Охранник оглянулся по сторонам, взял часы и позволил ему сделать звонок. Габриэль набрал наш номер и сказал:

— Филипп в четирнадцать больниц.

Мой муж, который ничего и знать не знал, засмеялся и спросил:

— Сколько-сколько больниц?

Меж тем я вернулась домой, и message Габриэля был расшифрован.

Надо было решить, стоило ли мне немедленно хватать такси и мчаться в эту, неизвестно где расположенную больницу... Я рванулась было позвонить Филиппову отчиму, а потом вспомнила — Миша-псих! Вот он, золотой ключик!

Да, был у меня друг детства — Миша-псих, врач-психиатр, который настолько преуспел в своей шаткой науке, что сделался каким-то огромным светилом на психиатрическом небосклоне. Между прочим, он совершенно не обижался на свою кличку, списывая это на эксцентричность своей натуры.

Например, он женился на женщине, которая, как он любил говорить, упала ему на голову. А если учесть, что всех женщин он называл «бабенками», то в его транскрипции это звучало так: «Моя жена — это та бабенка, которая свалилась мне на голову». И это была чистая правда — без всякой фигуральности. Его будущая жена была на какой-то вечеринке и сидела там на подоконнике второго этажа, откуда и вывалилась на улицу — прямо на проходящего Мишу. Так что их знакомство, перешедшее в многолетний счастливый брак, началось с членовредительства, потому что она сломала ему руку, а себе вывихнула ногу. Несмотря на то, что Миша честно пытался поймать эту хорошенькую, но весьма увесистую женщину, когда она падала из окна, и даже от этого сильно пострадал, мать его будущей жены относилась к нему с большим недоверием и скептицизмом, что его очень расстраивало. Он всячески пытался расположить к себе ее холодное сердце и придумывал для нее сюрпризы.
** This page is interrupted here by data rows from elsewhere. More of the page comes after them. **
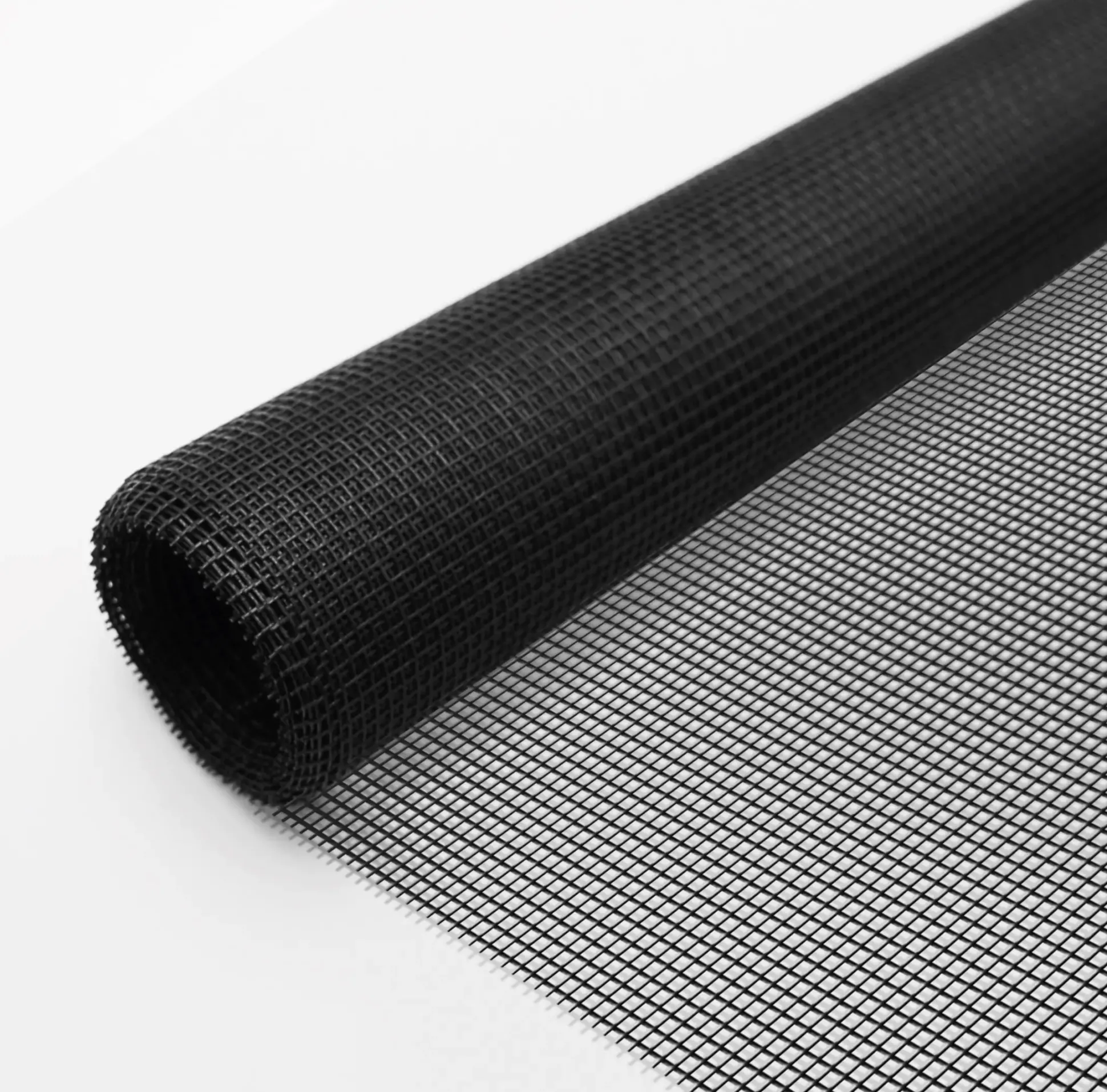 Schellenberg Fliegengitter Minirolle 100x130 cm anthrazit kürzbar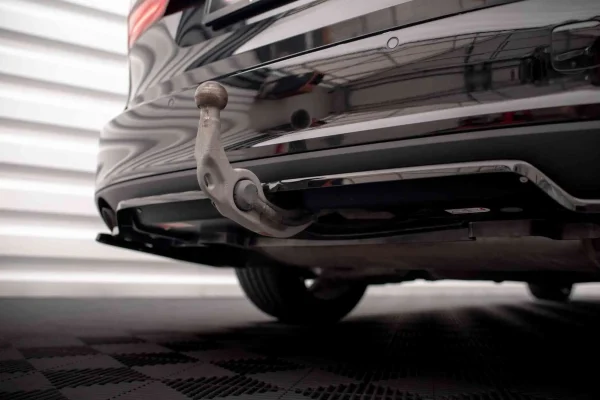 Splitter trasero (con barras verticales) V.2 Volvo V90 Mk2 - Imagen 3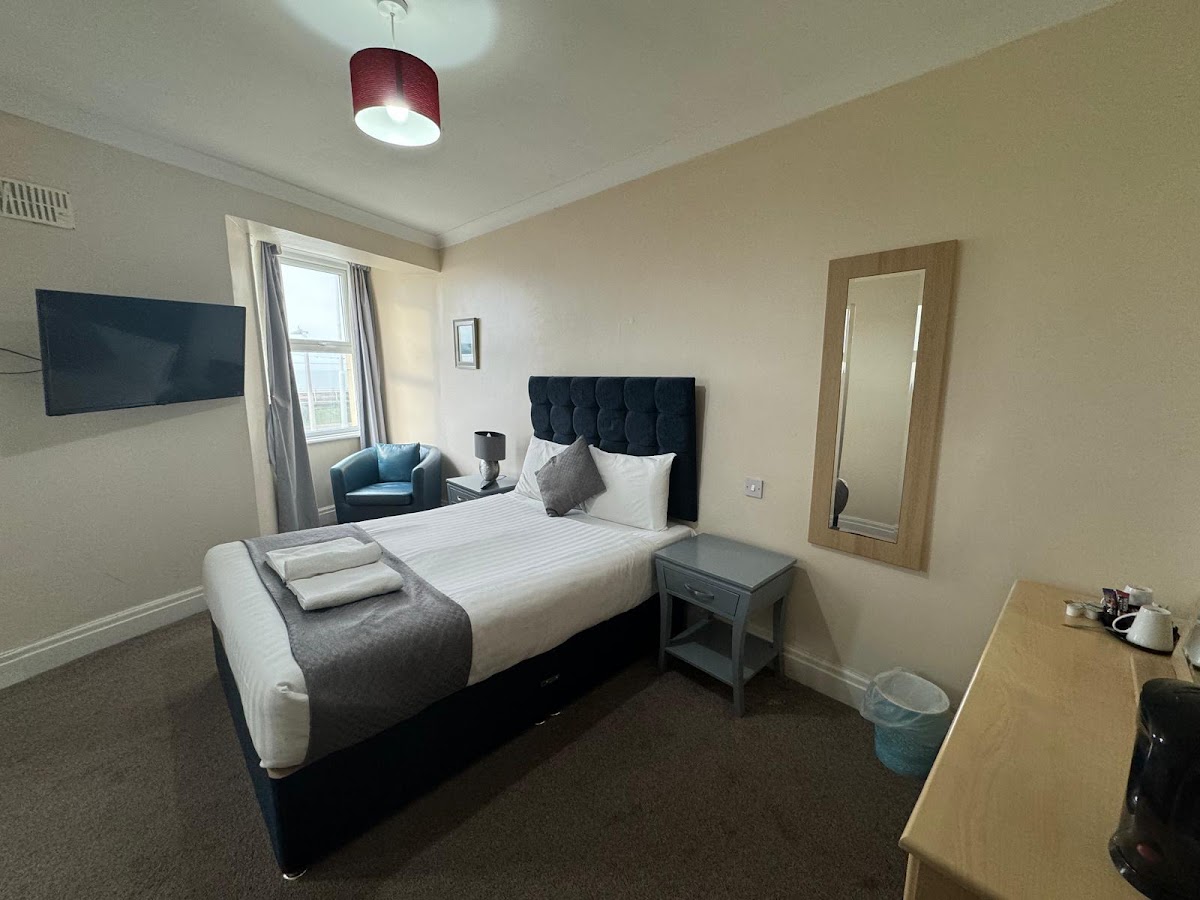 MARS Hotel Seaview Blackpool photo 2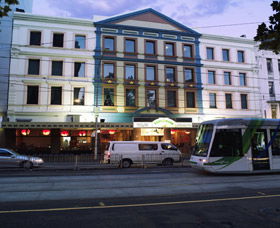 Pensione Hotel - Accommodation Bookings 0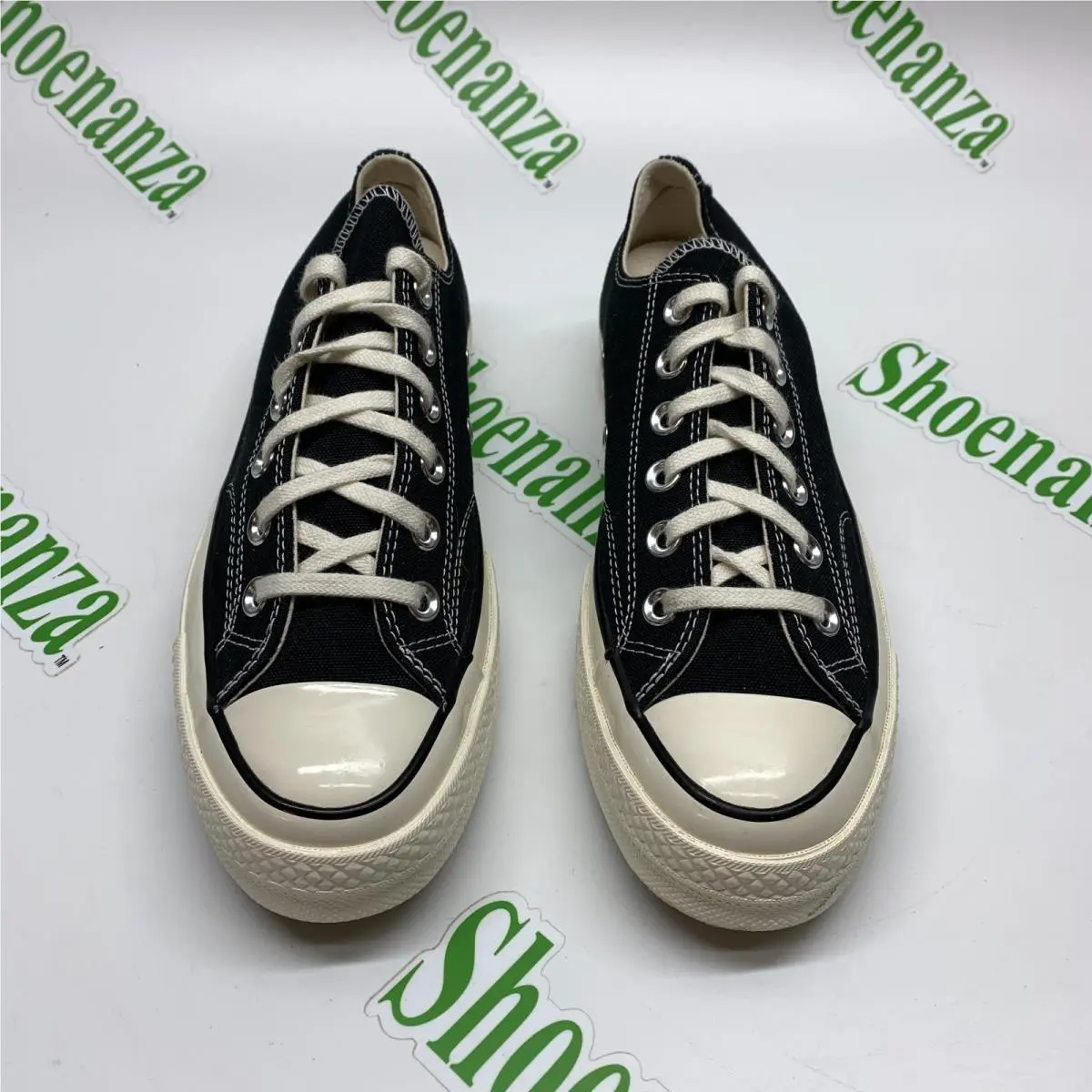 Converse shoes - Converse Churck Taylor All Star Canvas - 162058C - Black 2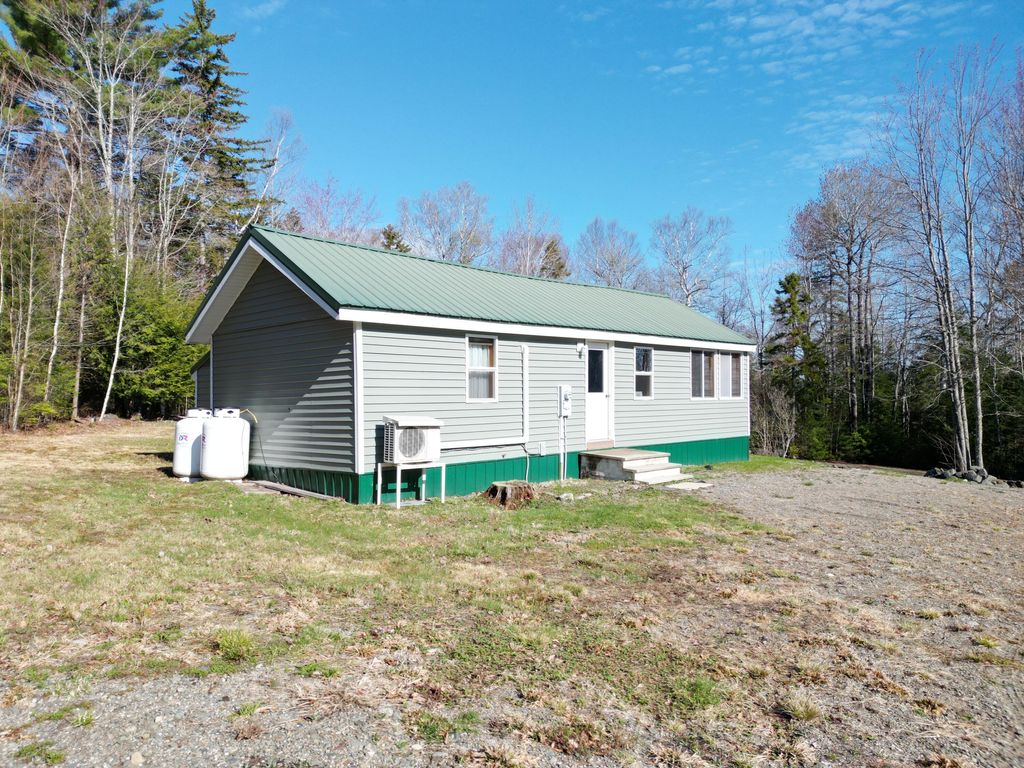 Photo of 31 Burnham Road, Burlington, ME 04417 (MLS # 1660938)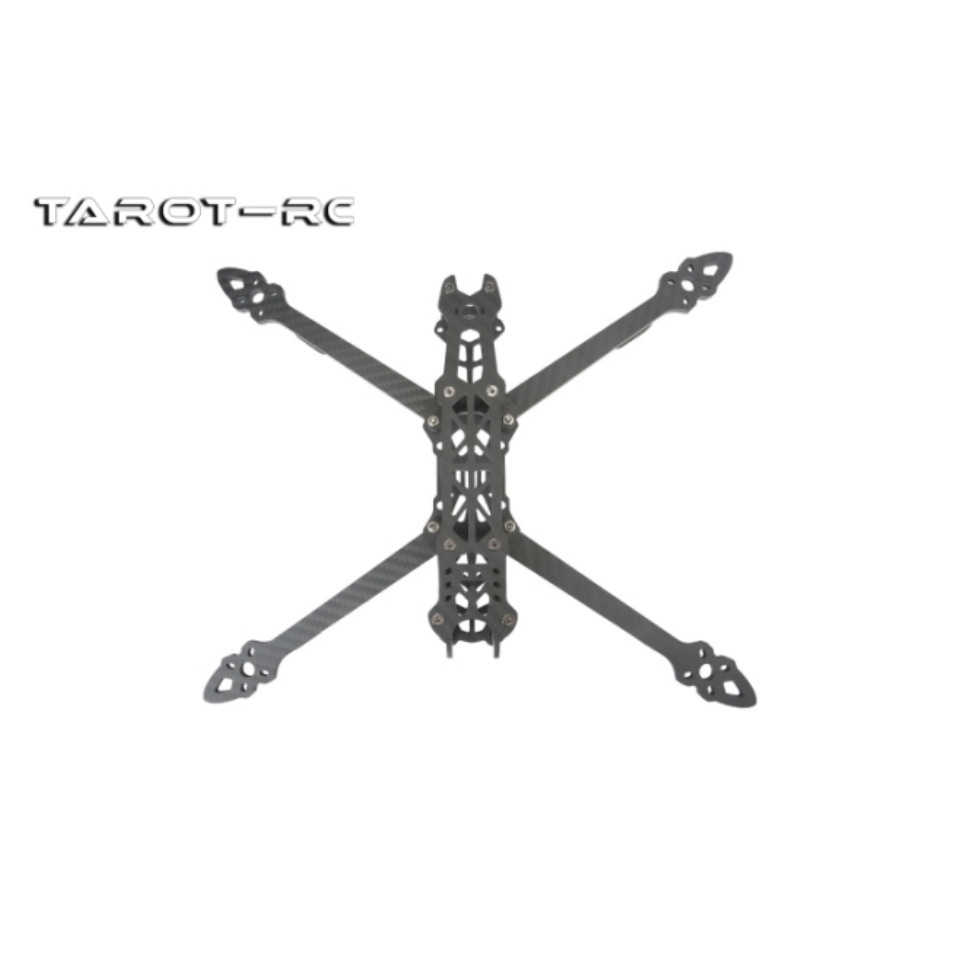 飞越/Tarot 穿越机/FPV赛级竞速/7寸碳纤机架/MARK4-7 TL1600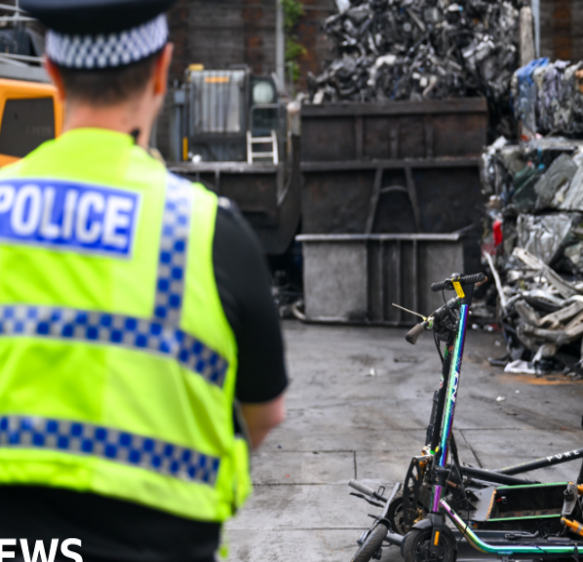 Got an e-scooter for Christmas? Here’s what you should know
Например, однажды он спрятался за дверь комнаты и, когда она вошла, вылетел на нее с веселым «гав!», заливаясь детским смехом: «Ну что — испугал?» Бедная женщина горько зарыдала, и пришлось ее отпаивать валерианкой и корвалолом.

В другой раз он, сильно расстроенный ее ледяным приемом, вышел на балкон и вдруг увидел там — о, чудо! — цветочки, растущие в ящиках — и анютины глазки, и колокольчики, и левкои, и львиный зев. Залюбовался он такой красотой — дай, думает, подарю их будущей теще, пусть радуется. С удовольствием нарвал букетик, влетел к ней на кухню: «Елена Иванна! Это — вам!» Она сначала обрадовалась, заулыбалась, потом тень сомнения пробежала по ее лицу, она тревожно заметалась по квартире, выскочила на балкон и, увидев свой разоренный садик, залилась горючими слезами. Но все-таки он ее победил. Поехал за границу на конференцию, привез ей шикарную шубу — от души, самого большого размера, чтобы — побольше меха. Жаль только, что Елена Ивановна была такая худенькая и в этой шубе просто утонула — и рукава свисали ниже кистей, и полы волочились по полу. «Ничего, — радостно воскликнул Миша, — будете укрываться ею, как одеялом!» Кроме того, поскольку она очень поддерживала Горбачева с его реформами, он купил ей на рынке, а может, и специально заказал — за дикие деньги — какого-то огромного, в натуральный рост — лакированного картонного Горбачева и поставил посреди ее комнаты. И она как-то смягчилась по отношению к нему. Поняла, что нельзя предъявлять ему тот же счет, что и прочим людям. Миша — человек особенный, необыкновенный. Ученый, светило. Наша национальная гордость.

Ему-то я и позвонила:

— Выручай, запихнули иеромонаха в психушку.

Назвала номер, фамилию, гражданское имя. Он очень удивился:

— Но это — насильственная госпитализация! Ты понимаешь, что сейчас она практически неосуществима! Нужно, чтобы человек выкинул что-то криминальное — носился с ножом, с розочкой, бил стекла, резал себе вены... А если, предположим, он просто сидит, пуская слюни, и ест свое дерьмо, ты его никакими силами не уложишь без его согласия. Мы международную конвенцию подписывали. У нас это очень строго теперь. Да и вообще — необходимо письменное согласие родственников!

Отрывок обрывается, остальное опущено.